• WHAT YOU SHOULD DO: Leave out the pictures and output the data verbatim.

• COLLECTED MATERIAL:

---+---

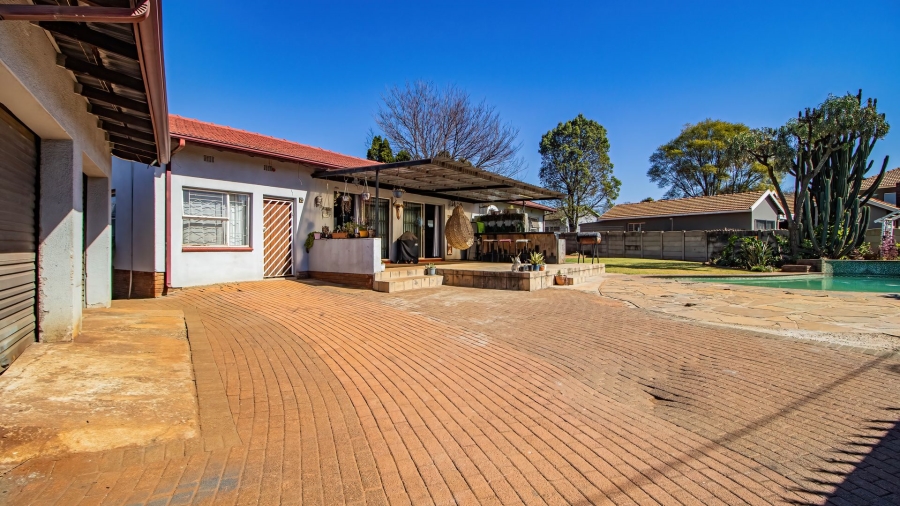 3 Bedroom Property for Sale in Birchleigh Gauteng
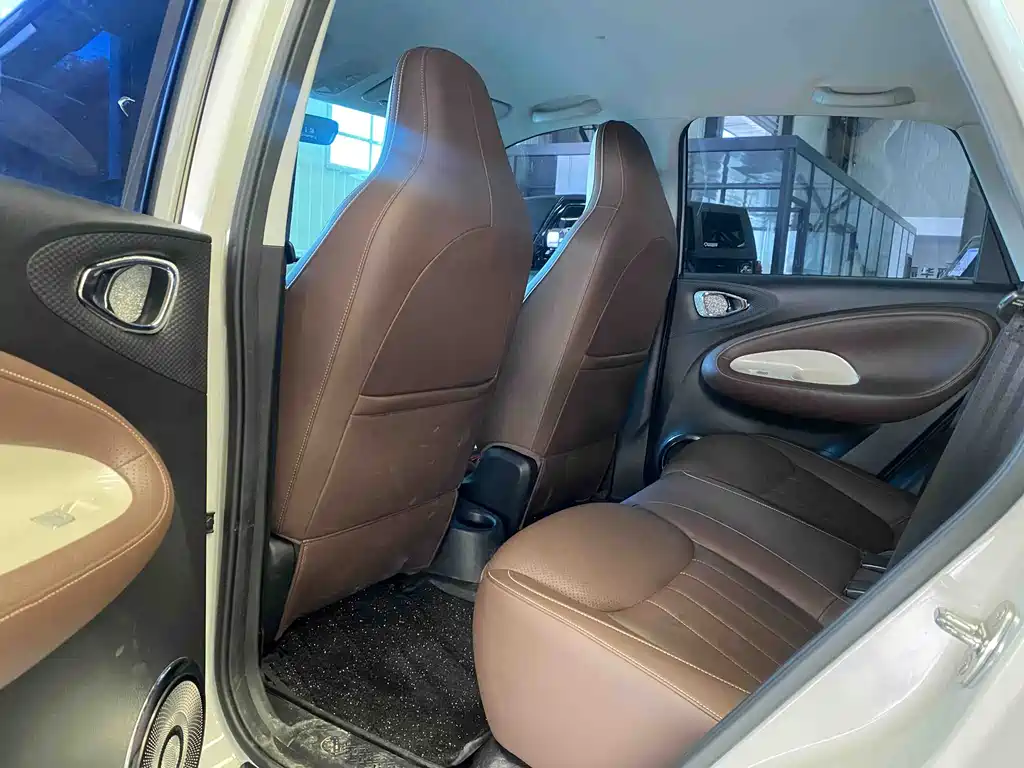 Wuling Bingo 2023 model 333km Lingxi Internet+ model купить на сайте DeffCars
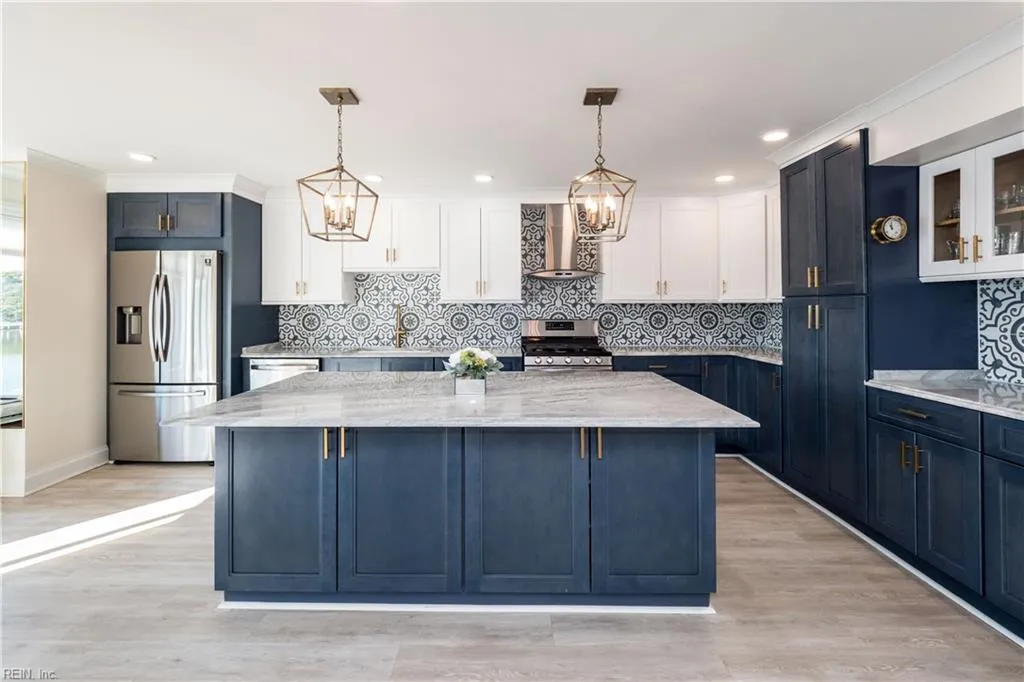 Virginia Beach, Virginia 23451, United States, 2 Bedrooms Bedrooms, ,2 BathroomsBathrooms,Residential,Pending,16225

---+---

• RESULT:
 3 Bedroom Property for Sale in Birchleigh Gauteng
 Wuling Bingo 2023 model 333km Lingxi Internet+ model купить на сайте DeffCars
 Virginia Beach, Virginia 23451, United States, 2 Bedrooms Bedrooms, ,2 BathroomsBathrooms,Residential,Pending,16225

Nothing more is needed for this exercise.